Junior Balkan Mathematical Olympiad 2021 - Problem 3 | Solution - 2 July 2021



Problem 3. Let $ABC$ be an acute scalene triangle with circumcenter $O$ . Let $D$ be the foot of the altitude from $A$ to the side $BC$ . The lines $BC$ and $AO$ intersect at $E$ . Let $s$ be the line through $E$ perpendicular to $AO$ . The line $s$ intersects $AB$ and $AC$ at $K$ and $L$ , respectively. Denote by $\omega$ the circumcircle of triangle $AKL$ . Line $AD$ intersects $\omega$ again at $X$ . Prove that $\omega$ and the circumcircles of triangles $ABC$ and $DEX$ have a common point.

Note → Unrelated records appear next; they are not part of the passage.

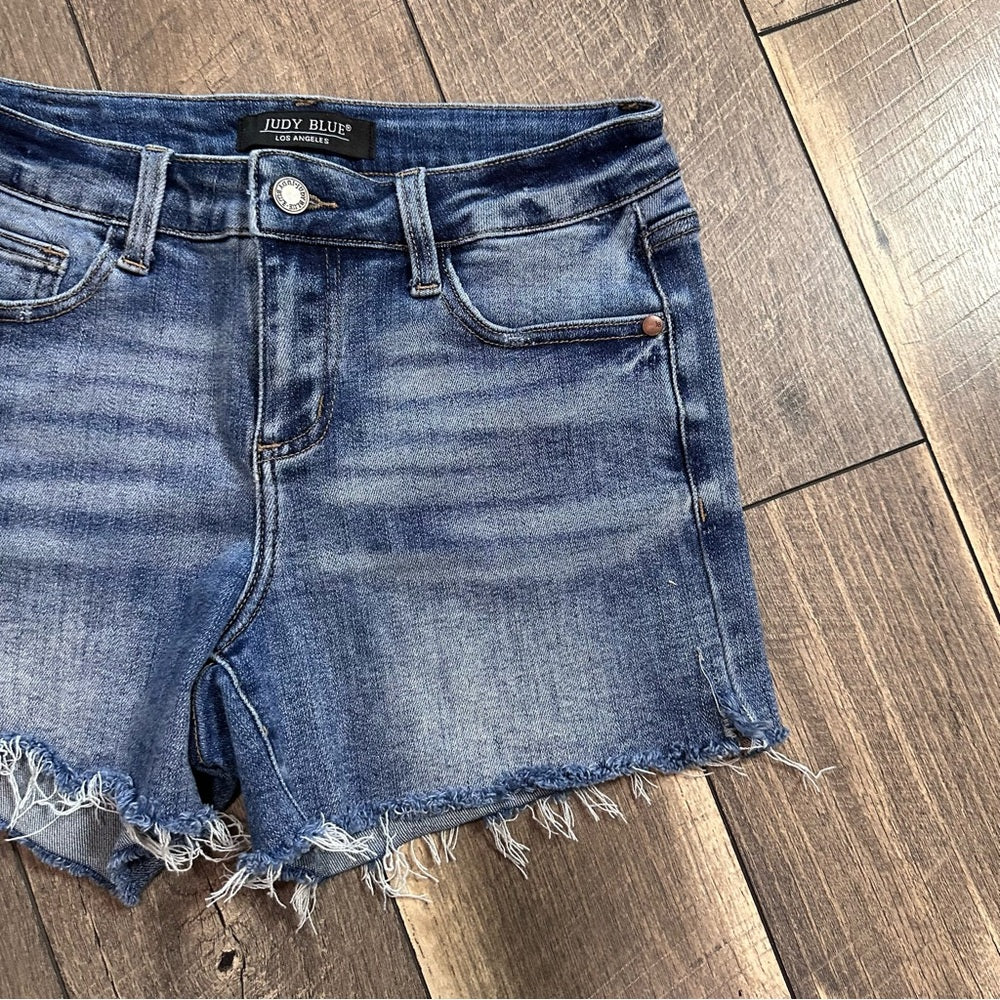 Judy Blue Hi Rise Raw Hem Shorts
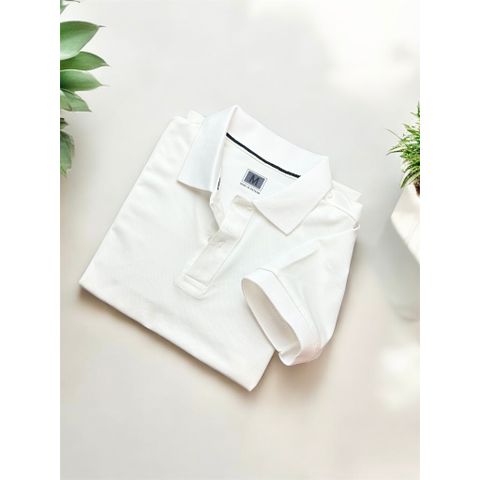 Áo Polo Unisex Màu Trắng Cao Cấp - Chất Liệu Poly Cotton Thấm Hút Mồ Hôi, Phong Cách Sang Trọng và Thanh Lịch Cho Nam Nữ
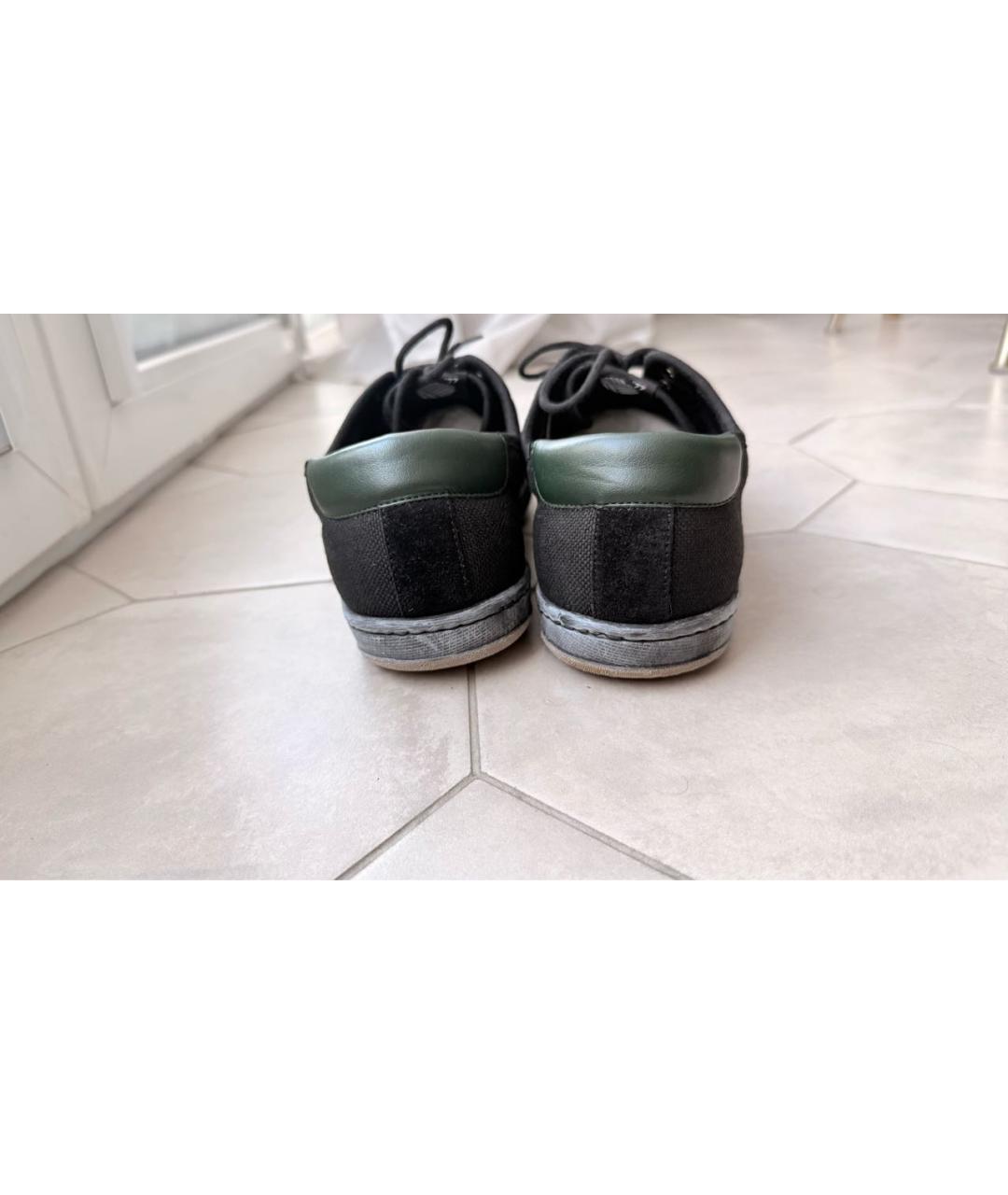 GUCCI Черные текстильные низкие кроссовки / кеды, фото 7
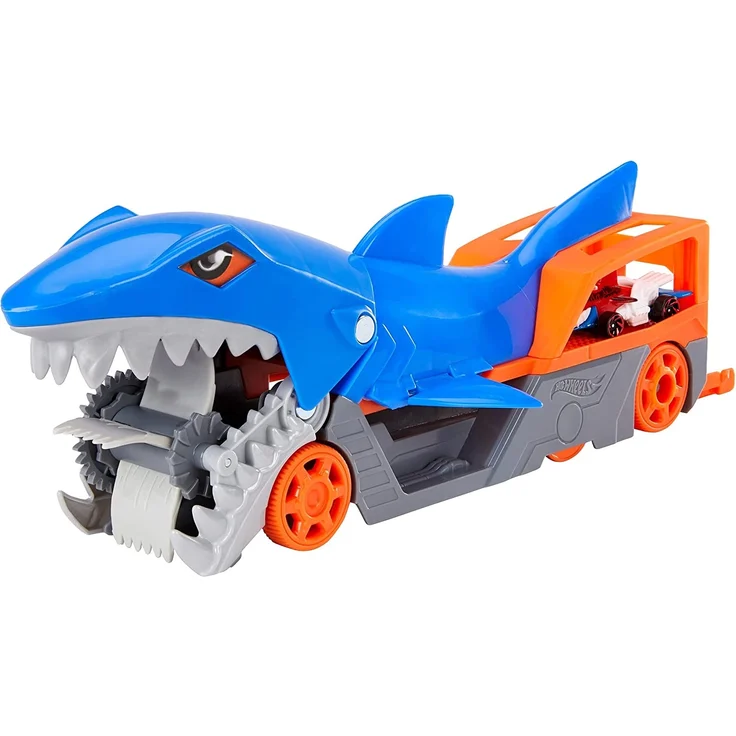 Mattel - Hot Wheels® Hungriger Hai-Transporter für bis zu 5 Spielzeugautos – Bild 8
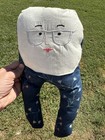Vintage Handmade Tooth Fairy Pillow Set Of 2 Plush Sibling Boy Girl Face Dental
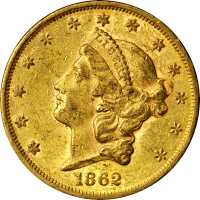 1862 Liberty Head Double Eagle. AU-53 (PCGS).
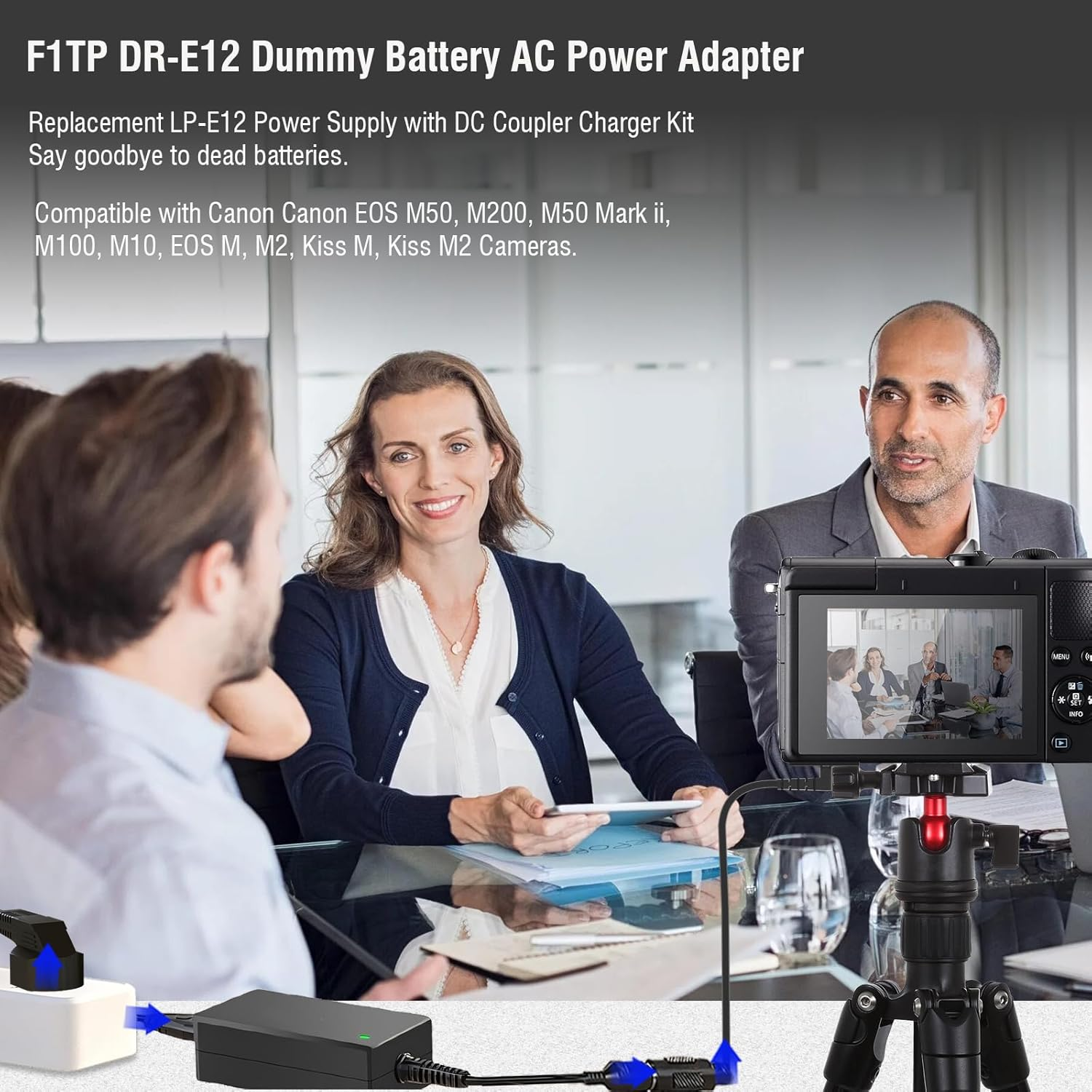 F1TP ACK-E12 AC Power Supply Adapter DR-E12 DC Coupler Kit (Replace Canon LP-E12 Battery) for Canon EOS M50 Mark II, EOS M M2 M10 M50 M100 M200, Kiss M, Kiss M2 Cameras.
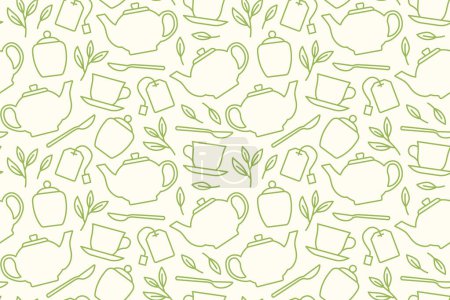 Illustration for Tea seamless pattern with teapot, cup, leaves, sugar bowl, spoon, bag icons  - vector illustration - Royalty Free Image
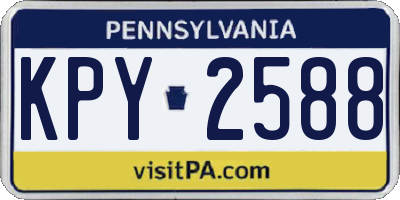 PA license plate KPY2588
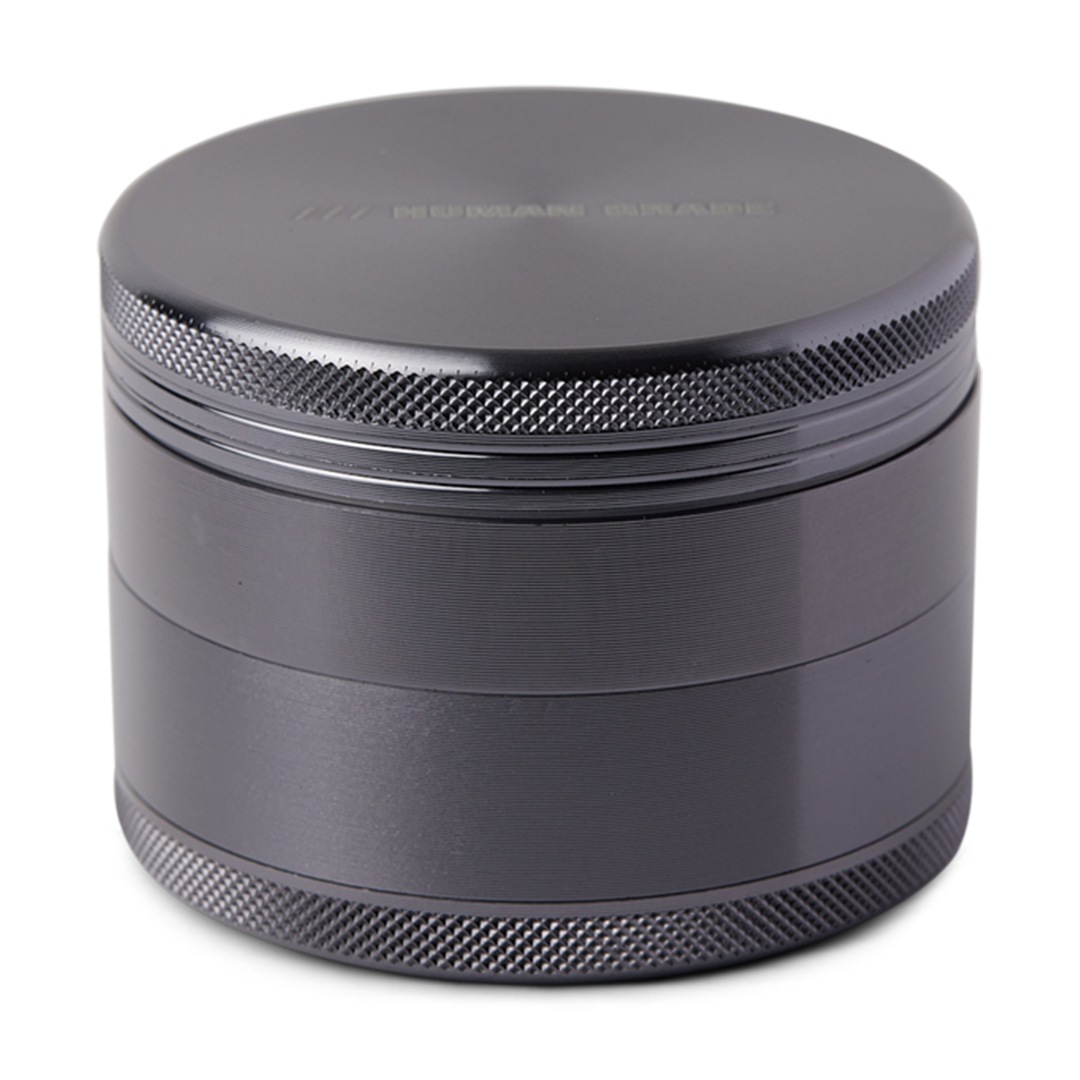 Human Grade Grinder 1B (2.5") in Gunmetal, 4-Part Durable Herb Grinder, Front View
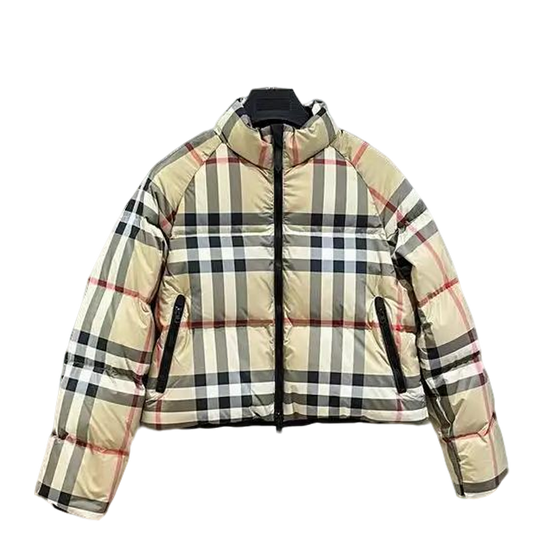 Burberry Classic Check Pattern Cropped Puffer Jacket For Winter Fashion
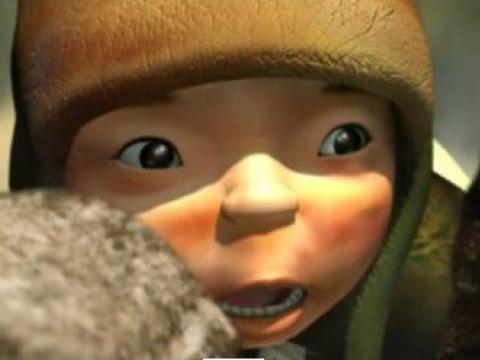 Close up of an animation of an Asian boy's face wearing a hat and looking startled.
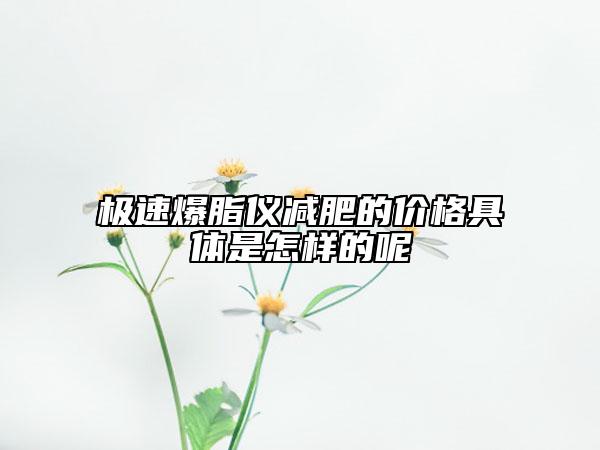 極速爆脂儀減肥的價格具體是怎樣的呢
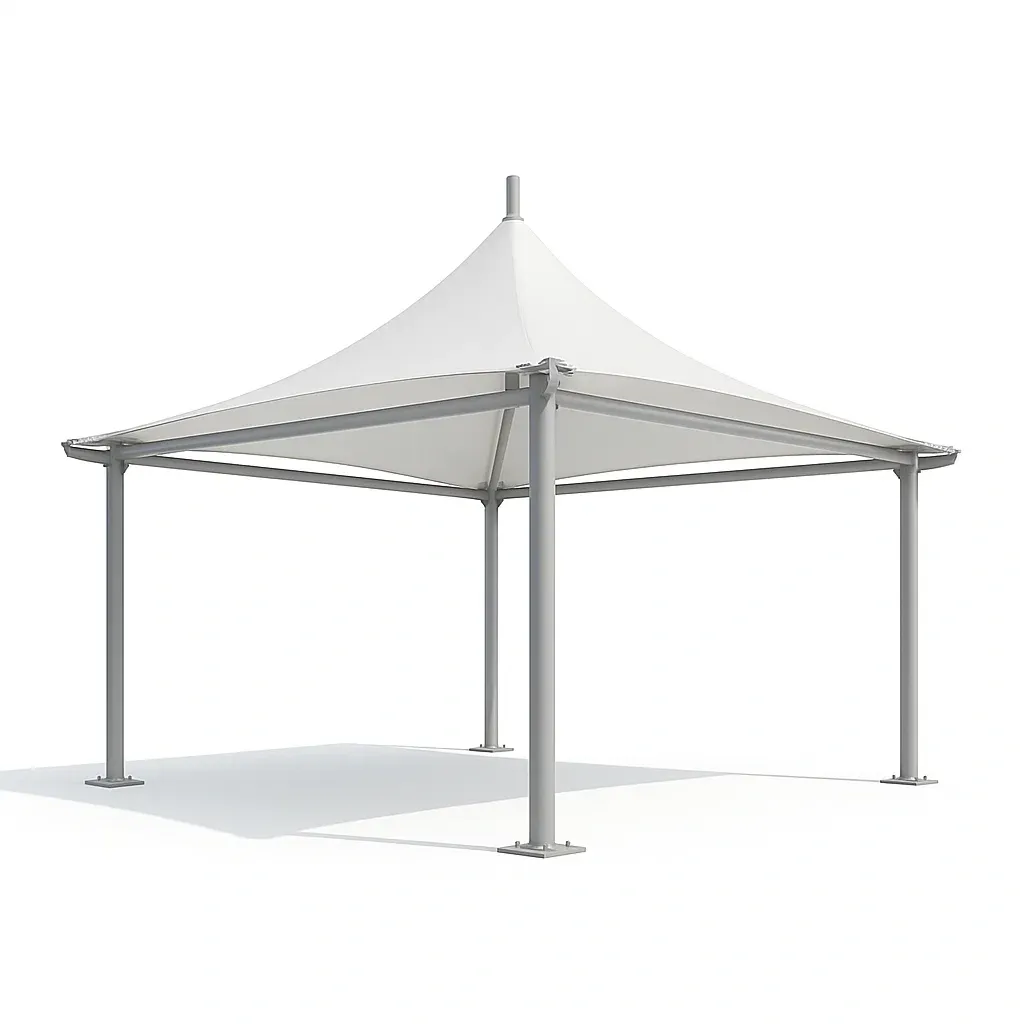 Padiglione a struttura a membrana in acciaio e poliestere con design conico-Pinevian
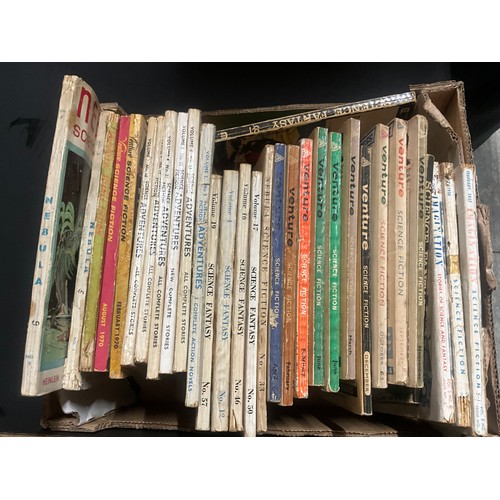 136 - 2 BOXES OF SCIENCE FICTION BOOKS TO INCLUDE STARTLING STORIES, IMAGINATION ETC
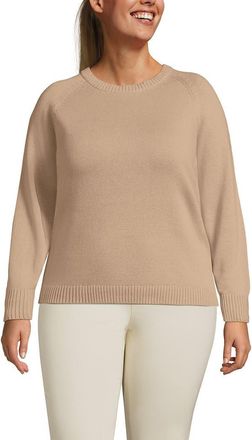 Lands End Plus Size Drifter Raglan Crew Sweater in Champagne at Nordstrom, Size 1X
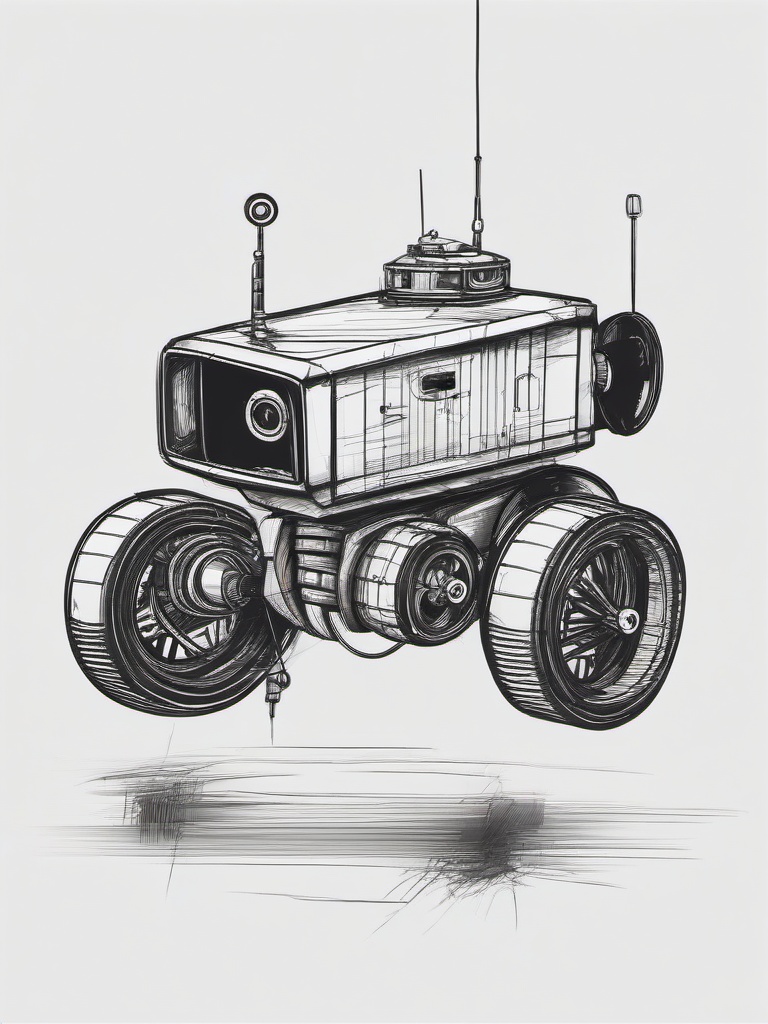 drawing of a robot with wheels  minimal rough sketch scribbles,doodles,black and white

Solution Let $AO \cap (ABC) = Y$ . Since $\angle AKE = \angle ACB$ , we have $KBLC$ is cyclic. So by PoP, we have $AE\cdot EY = BE \cdot EC = KE \cdot EL$ , implying that $ALYK$ is cyclic. Now note that $\angle AXK = \angle ALK = \angle ABC$ , giving $BDXK$ is cyclic. Similarly $\angle AYK = \angle ALK = \angle ABC$ , giving $BEYK$ is cyclic. Thus by PoP, we have $AE\cdot AY = AB \cdot AK = AD \cdot AX$ , implying that $DEYX$ is cyclic, so the circumcircles of $ABC , DEX$ and $AKL$ have a common point, which is $Y$ . :